United States District Court, D. South Carolina, Rock Hill Division

April 12, 2017

United States of America,
v.
Kenneth Roshaun Reid, Defendant.

          OPINION AND ORDER

          CAMERON MCGOWAN CURRIE Senior United States District Judge

         On January 9, 2017, Defendant, proceeding pro se, filed a motion for copies of all trial transcripts (ECF No. 735) and a motion to “appoint counsel. . . to refile original 28 U.S.C. § 2255(a) and ‘COA' to refile original 2255 motion” (ECF No. 736). The same day, Defendant filed a notice of appeal of this court's final order regarding Defendant's motion to vacate under § 2255 filed November 20, 2009. ECF No. 737. This court entered an Order noting it would address Defendant's motions once the Court of Appeals entered a decision on his appeal. See ECF No. 742. On February 28, 2017, the Fourth Circuit dismissed Defendant's appeal as untimely. ECF No. 747.

         Defendant filed a pro se motion pursuant to § 2255 on November 20, 2009. ECF No. 498. He argued his counsel was ineffective during trial and sentencing for allegedly allowing Defendant's speedy trial act rights to be violated, and for providing erroneous advice and information regarding the Government's proposed plea agreement. He also challenged counsel's effectiveness regarding alleged “erroneous jury instructions” and insufficient evidence.

         After full briefing, this court granted the Government's motion for summary judgment, dismissed Defendant's § 2255 motion with prejudice, and denied a certificate of appealability. ECF No. 529. Defendant thereafter filed a motion for issuance of a certificate of appealability and a motion to alter or amend judgment pursuant to Fed. R. Civ. P 59(e). ECF Nos. 532, 534.

         This court denied the motion for a certificate of appealability as moot and denied Defendant's motion to alter or amend, which it construed as a motion under Fed.R.Civ.P. 60(b)(6) due to time limits associated with Rule 59(e). ECF Nos. 535, 544. Defendant also filed an appeal from the dismissal of his § 2255 motion and denial of his motion for certificate of appealability. See ECF No. 537. The Fourth Circuit denied a certificate of appealability and dismissed the appeal. ECF No. 548.

         On July 15, 2013, Defendant filed another § 2255 motion, requesting the court apply Alleyne v. United States, 570 U.S. __, 133 S.Ct. 2151 (2013) to his case. ECF No. 611. The court dismissed the motion for lack of jurisdiction, because it was a second or successive motion filed without first obtaining permission from the Court of Appeals. ECF No. 613. The Fourth Circuit also dismissed Defendant's appeal of this Order. ECF Nos. 616, 623.

         Defendant has filed several motions attempting to overturn his conviction pursuant to different rules and theories.
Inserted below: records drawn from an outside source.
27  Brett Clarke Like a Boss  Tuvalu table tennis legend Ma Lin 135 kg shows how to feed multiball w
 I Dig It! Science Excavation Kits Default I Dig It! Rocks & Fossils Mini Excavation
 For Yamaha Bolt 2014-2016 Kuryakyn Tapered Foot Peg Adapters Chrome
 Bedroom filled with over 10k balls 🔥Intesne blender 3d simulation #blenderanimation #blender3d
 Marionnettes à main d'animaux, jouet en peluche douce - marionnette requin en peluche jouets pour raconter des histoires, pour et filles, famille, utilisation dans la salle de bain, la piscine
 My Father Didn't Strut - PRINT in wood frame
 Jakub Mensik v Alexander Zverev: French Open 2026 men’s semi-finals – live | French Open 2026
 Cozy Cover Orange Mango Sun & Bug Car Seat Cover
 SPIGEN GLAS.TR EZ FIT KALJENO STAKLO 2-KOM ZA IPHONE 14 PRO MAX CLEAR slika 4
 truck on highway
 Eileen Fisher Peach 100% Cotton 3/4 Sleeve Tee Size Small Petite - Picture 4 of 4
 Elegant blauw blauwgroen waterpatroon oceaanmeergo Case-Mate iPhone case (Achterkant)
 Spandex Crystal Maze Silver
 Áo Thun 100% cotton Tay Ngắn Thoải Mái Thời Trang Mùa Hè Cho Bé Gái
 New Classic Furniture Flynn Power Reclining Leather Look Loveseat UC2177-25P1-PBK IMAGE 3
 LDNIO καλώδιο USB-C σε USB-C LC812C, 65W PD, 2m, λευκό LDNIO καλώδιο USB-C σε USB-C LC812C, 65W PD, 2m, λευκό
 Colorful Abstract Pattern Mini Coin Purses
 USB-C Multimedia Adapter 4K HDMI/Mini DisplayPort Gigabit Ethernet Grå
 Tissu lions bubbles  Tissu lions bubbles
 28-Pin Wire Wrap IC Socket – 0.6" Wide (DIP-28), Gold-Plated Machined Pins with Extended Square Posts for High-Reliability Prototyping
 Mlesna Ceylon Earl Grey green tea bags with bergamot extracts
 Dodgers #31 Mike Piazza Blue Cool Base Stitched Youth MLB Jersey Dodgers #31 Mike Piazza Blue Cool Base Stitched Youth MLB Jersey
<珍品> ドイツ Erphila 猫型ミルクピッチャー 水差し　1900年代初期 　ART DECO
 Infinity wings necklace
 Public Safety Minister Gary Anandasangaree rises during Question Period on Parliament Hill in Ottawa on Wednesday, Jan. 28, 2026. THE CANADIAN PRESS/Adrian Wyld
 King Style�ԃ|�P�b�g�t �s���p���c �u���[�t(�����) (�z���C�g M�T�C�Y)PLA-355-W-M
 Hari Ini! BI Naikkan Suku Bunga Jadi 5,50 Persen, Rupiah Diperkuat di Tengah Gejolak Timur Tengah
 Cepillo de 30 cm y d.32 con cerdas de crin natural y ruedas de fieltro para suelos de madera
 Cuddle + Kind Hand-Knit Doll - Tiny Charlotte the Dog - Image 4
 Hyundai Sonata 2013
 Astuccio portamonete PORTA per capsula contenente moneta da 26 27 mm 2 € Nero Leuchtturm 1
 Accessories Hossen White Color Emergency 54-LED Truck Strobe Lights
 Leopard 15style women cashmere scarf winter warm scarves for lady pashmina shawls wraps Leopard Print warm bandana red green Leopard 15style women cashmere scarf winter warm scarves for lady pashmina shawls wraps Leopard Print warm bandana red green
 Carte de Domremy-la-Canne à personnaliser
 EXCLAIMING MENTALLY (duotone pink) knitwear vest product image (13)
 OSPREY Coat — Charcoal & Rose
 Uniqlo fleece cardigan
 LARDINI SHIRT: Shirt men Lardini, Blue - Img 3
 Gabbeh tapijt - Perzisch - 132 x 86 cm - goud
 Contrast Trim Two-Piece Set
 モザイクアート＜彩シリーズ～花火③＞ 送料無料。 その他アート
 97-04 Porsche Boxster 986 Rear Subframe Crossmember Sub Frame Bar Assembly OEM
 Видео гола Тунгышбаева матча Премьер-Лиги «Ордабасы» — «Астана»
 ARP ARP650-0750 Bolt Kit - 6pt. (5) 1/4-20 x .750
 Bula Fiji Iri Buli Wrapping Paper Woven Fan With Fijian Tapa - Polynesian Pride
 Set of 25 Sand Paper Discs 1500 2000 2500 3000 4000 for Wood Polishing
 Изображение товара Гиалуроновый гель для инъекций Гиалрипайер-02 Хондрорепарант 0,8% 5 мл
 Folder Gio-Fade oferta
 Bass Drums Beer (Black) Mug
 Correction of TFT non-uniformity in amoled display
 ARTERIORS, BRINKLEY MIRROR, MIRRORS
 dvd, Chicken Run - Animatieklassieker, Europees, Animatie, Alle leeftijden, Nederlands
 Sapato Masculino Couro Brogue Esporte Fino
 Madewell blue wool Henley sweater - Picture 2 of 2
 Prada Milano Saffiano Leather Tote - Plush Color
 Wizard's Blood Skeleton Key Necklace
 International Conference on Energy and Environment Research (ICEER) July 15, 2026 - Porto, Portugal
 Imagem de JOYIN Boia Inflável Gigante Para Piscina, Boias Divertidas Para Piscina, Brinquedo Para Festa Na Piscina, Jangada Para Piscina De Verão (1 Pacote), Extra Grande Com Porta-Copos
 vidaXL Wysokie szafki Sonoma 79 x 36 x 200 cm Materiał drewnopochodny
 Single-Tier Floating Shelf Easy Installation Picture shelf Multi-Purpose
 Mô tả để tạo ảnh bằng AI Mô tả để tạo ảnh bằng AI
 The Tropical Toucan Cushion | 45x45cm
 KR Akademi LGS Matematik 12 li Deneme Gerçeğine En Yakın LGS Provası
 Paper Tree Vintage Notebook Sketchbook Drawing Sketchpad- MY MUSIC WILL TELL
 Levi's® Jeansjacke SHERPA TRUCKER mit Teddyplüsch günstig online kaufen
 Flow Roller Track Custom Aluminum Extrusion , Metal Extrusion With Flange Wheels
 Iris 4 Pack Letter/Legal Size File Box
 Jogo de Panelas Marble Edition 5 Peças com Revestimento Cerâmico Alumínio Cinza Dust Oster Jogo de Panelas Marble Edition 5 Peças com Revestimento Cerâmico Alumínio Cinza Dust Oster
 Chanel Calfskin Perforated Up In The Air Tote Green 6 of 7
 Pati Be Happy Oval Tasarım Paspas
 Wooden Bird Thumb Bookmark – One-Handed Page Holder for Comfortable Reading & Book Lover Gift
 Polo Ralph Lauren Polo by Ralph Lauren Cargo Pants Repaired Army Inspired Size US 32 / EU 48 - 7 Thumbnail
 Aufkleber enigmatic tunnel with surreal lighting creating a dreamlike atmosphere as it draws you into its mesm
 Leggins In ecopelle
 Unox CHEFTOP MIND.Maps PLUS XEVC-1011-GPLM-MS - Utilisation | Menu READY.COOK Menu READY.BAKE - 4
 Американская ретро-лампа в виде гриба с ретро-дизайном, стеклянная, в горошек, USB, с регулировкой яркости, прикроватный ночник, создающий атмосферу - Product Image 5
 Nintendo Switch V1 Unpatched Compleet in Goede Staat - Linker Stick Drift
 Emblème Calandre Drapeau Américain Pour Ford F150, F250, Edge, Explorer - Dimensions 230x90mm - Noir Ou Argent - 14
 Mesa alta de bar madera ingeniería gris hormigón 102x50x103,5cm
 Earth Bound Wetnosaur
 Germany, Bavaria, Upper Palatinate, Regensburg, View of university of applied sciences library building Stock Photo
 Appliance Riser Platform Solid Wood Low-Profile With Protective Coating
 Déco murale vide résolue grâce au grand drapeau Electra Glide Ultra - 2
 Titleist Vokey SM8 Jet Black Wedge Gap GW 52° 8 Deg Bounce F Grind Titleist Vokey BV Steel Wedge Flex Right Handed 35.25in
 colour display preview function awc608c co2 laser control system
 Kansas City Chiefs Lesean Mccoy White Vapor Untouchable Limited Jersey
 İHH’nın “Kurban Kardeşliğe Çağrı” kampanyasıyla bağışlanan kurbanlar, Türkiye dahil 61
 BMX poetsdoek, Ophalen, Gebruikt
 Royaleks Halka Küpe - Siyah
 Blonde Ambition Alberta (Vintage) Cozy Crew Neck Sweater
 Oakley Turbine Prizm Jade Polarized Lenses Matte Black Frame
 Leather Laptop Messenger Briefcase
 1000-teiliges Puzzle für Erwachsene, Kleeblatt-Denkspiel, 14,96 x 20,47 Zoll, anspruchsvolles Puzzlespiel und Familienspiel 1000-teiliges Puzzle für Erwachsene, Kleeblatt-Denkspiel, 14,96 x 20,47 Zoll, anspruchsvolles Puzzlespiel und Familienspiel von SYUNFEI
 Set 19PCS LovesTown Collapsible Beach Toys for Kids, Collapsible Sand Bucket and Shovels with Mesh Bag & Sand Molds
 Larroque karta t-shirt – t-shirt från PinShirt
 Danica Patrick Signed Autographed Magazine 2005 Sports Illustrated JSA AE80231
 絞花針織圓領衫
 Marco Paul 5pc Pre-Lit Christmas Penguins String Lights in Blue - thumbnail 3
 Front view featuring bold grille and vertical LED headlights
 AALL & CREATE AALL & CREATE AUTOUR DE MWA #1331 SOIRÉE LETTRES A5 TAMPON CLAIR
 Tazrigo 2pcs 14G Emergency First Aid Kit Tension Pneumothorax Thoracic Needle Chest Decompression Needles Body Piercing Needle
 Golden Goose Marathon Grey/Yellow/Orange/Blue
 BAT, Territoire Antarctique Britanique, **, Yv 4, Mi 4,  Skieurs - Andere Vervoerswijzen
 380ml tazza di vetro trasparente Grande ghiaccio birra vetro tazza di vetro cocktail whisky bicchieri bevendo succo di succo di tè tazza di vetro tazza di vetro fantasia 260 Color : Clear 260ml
See, e.g., ECF Nos. 629, 632, 707, 723. In his latest motion, Defendant seeks appointment of counsel to refile his original § 2255 motion. ECF No. 736. As explained in numerous prior orders, Defendant, with or without counsel, may not file another § 2255 motion in this court without first receiving permission to do so from the Fourth Circuit Court of Appeals. See 28 U.S.C. § 2244(b)(3)(A).

         In addition, Defendant argues he should have been appointed counsel on his original § 2255 motion because he was death penalty eligible. In support of this argument, Defendant cites 28 U.S.C. § 2261; however, § 2261 applies to prisoners in state custody and thus is inapplicable to Defendant. 18 U.S.C. § 3599(a)(2) requires appointment of counsel “in any post conviction proceeding under section 2254 or 2255 of title 28, United States Code, seeking to vacate or set aside a death sentence . . .” Defendant is correct that counsel must be appointed on criminal matters when a defendant is charged with a crime which may be punishable by death[1]; however, in post-conviction proceedings a defendant is only entitled to counsel if he is actually sentenced to death. Defendant was not sentenced to death; therefore, he was not entitled to counsel on his original § 2255 motion, or now as he seeks to re-file a § 2255 motion.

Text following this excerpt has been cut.